# Forum > Gaming > Roleplaying Games > D&D 3e/3.5e/d20 > Optimization Single class Ultimate Magus

## Anthrowhale

Here's a trick which seems kind of fun. 

Start with any wizard.Pick up a metamagic feat you would have chosen anyways.Take levels in K[arcana] and Spellcraft which you would have taken anyways.At level 5 take the spontaneous divination ACF (Complete Champion, page 52).Enter Ultimate Magus and take it for 10 levels.

You qualify for Ultimate Magus out of a single class.  Spell access and caster level will only advance one per level since one level of advancement is sufficient to satisfy the tables and one level of advancement is required by the tables at each level.  Expanded Spell Knowledge is a noop.  Augmented casting does nothing since you do not have 'another arcane class'.  You pick up two bonus feats, just like a wizard except that they must be metamagic (...hardly a restriction).   And you pick up Arcane Spell Power +4 making all of your spells cast have effectively 4 more caster levels.  

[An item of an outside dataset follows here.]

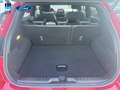 Ford Puma 1.0 EcoBoost MHEV Titanium 125 Rojo - thumbnail 13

So assuming you were going to take 3 metamagic feats and take the relevant skills anyways, the net effect is -1 feat (with a significant side benefit of never needing to prepare divination spells again) for +4 to caster level by level 15.  That's not game-breaking, but it's pretty good.  This could lead into Archmage 5 to hit a caster level bonus of +9 by level 20, enough to just plain ignore spell resistance in most cases.  And all of this comes with no slowing of spell access and no setting-specific material.

----------


## Biggus

Archmage taking Spell Power multiple times is dubious. The Hierophant's Spell Power ability includes the words "This ability can be selected more than once, and changes to effective caster level are cumulative" which the Archmage's lacks. 

The rest of it works as far as I can see though.

----------


## Anthrowhale

> Archmage taking Spell Power multiple times is dubious. The Hierophant's Spell Power ability includes the words "This ability can be selected more than once, and changes to effective caster level are cumulative" which the Archmage's lacks.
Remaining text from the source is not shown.